Any organization that does not have sufficient emphasis on this in their culture is likely to experience consequences that negatively affect their performance.
It is important to note that ‘sufficient emphasis’ is not necessarily the same thing as achieving or exceeding an industry benchmark. One of the challenges with industry-specific cultural characteristics is they can be overdeveloped and, due to the systemic nature of culture, impede other important attributes. For example, an organization with a ‘normative’ culture typically invests significant resources documenting, monitoring and reporting on compliance activities. When effective, these practices help the organization meet its regulatory, fiduciary and/or legislated obligations.

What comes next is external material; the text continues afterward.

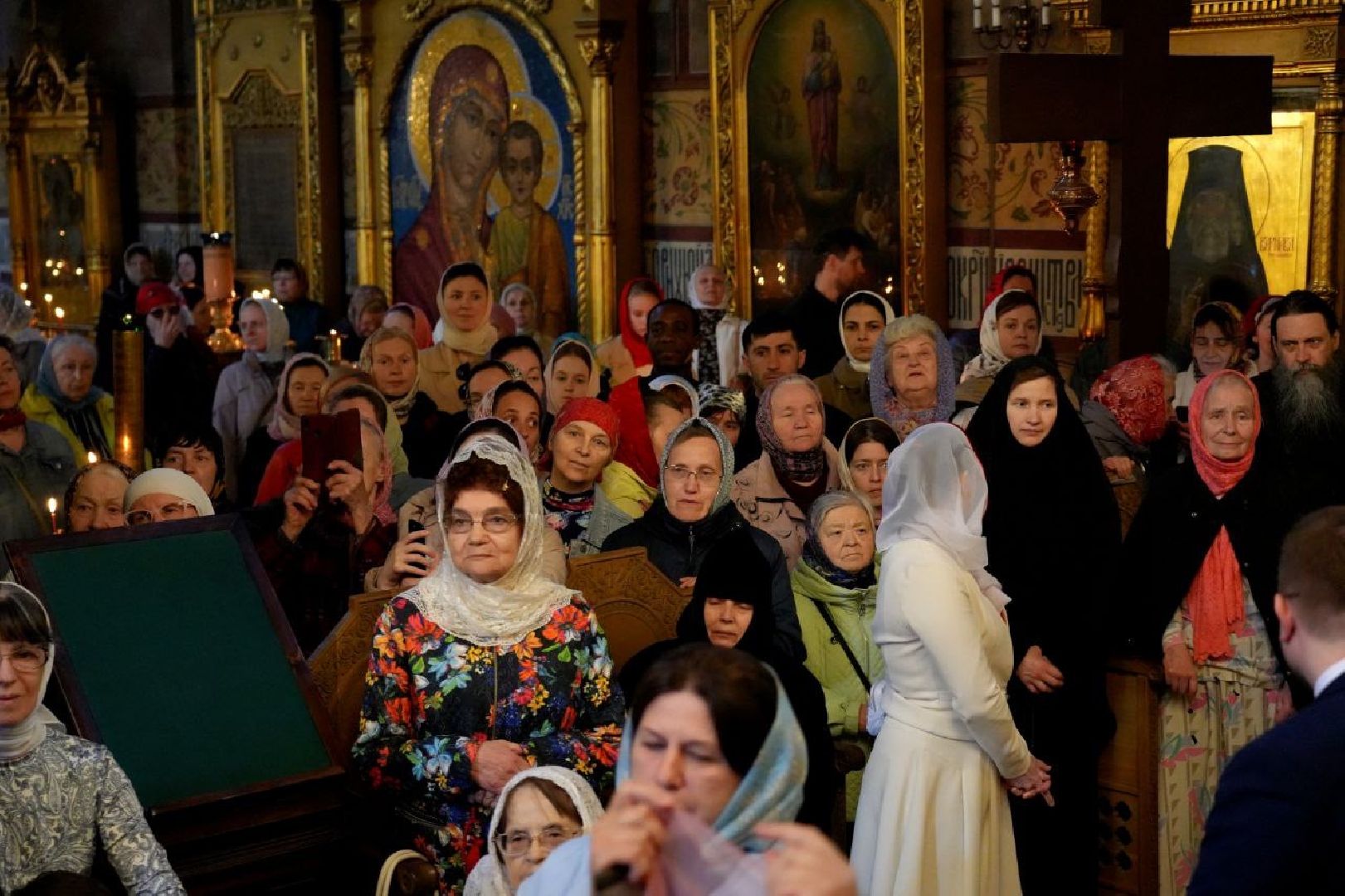 сергиев посад, сергиево-посадский городской округ, патриарх кирилл, патриарх сербский , троице-сергиева лавра,эксклюзив ,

At the same time, they cannot interfere with the ability to execute strategy and achieve performance goals. This requires that the organization finds the right balance of cultural characteristics, such as pragmatism versus normative practices, people versus task orientation and high versus low-risk orientation, to allow it to deliver on its strategy.
#2 Competitive Differentiation
Benchmarks can help leaders discover how similar or different the culture of their organization is vis-à-vis others in the industry. This is not, however, about identifying gaps so actions can be taken that would serve to make the culture the same as others in its industry. Instead, a benchmark gap analysis can be helpful in providing a starting point for a deeper exploration of an organization’s culture and its potential as a source of competitive advantage.

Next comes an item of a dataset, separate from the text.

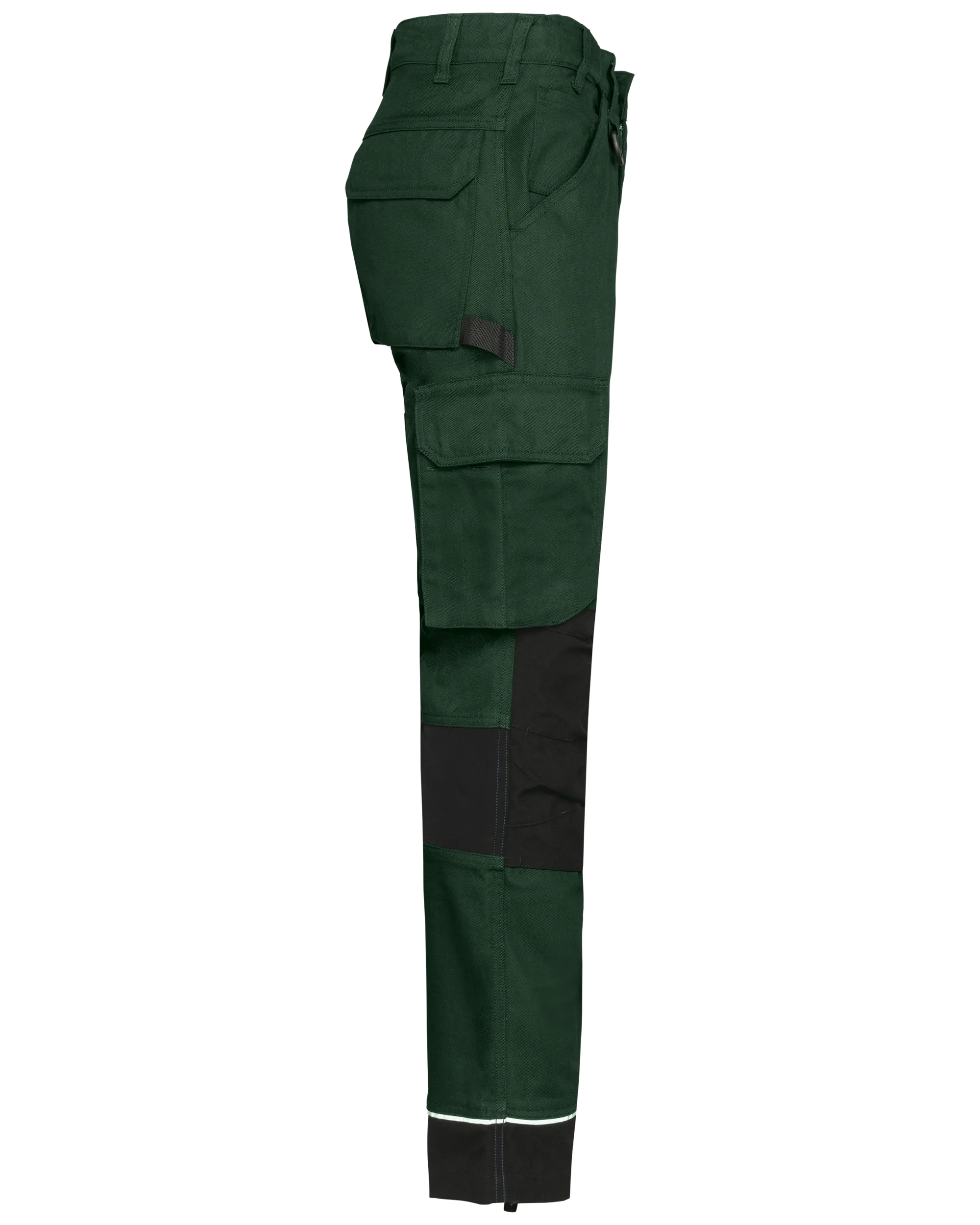 Pantalón de trabajo performance reciclado hombre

Meaningful insights that inform action can be gained by asking questions such as, why are we different from others in our industry? How is our culture supporting or getting in the way of strategy execution? How can we leverage our culture to stand out in the marketplace? What values, beliefs and assumptions are core to our culture?
#3 Learn New Cultural Practices
While benchmark metrics are not useful for this purpose, a third reason to use benchmarking practices is to learn from other organizations. This can reveal insights into the ways other organizations, within and outside the industry, intentionally shape and change a culture.

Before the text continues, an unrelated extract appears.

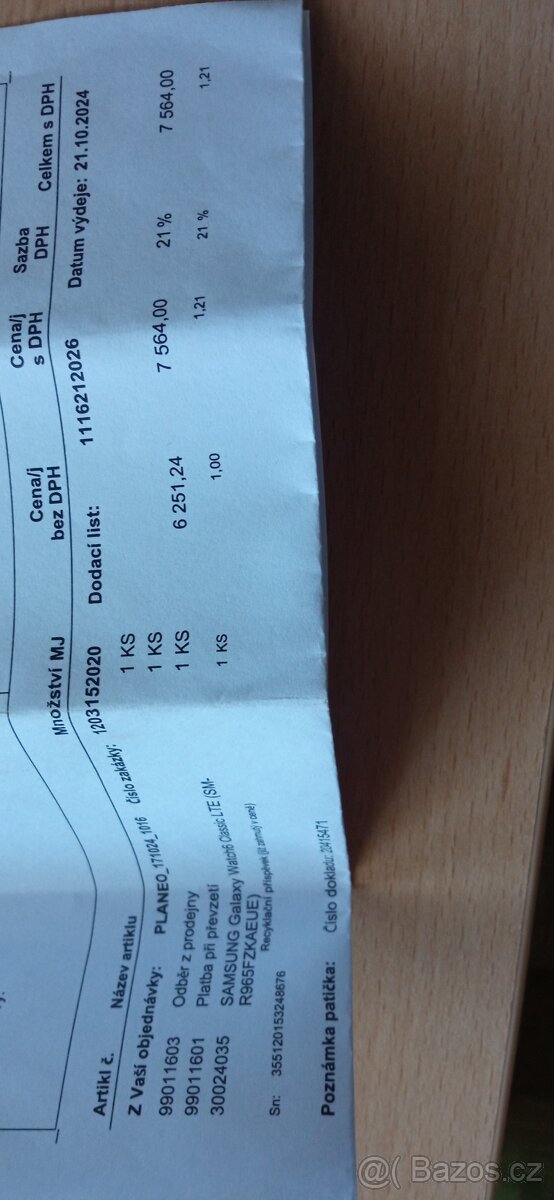 Samsung Galaxy watch 6 - 2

An example of this includes learning about an admired (or not) organization’s strengths and specifically the network of behaviors, practices, structures (i.e., systems, processes, reporting relationships etc.), physical artefacts and so on that work together to bring its values and beliefs to life.
It can also include culture change strategies and techniques, which borrow from traditional change management but are different in important ways. Regardless, the objective is to learn and grow culture design and change capability by acquiring new insights and knowledge.
There is much more to culture and benchmarking than this. In our next post, we will discuss some more of the problems with industry benchmarks. If you have any questions about what Culture-Strategy Fit can do for you, contact us today.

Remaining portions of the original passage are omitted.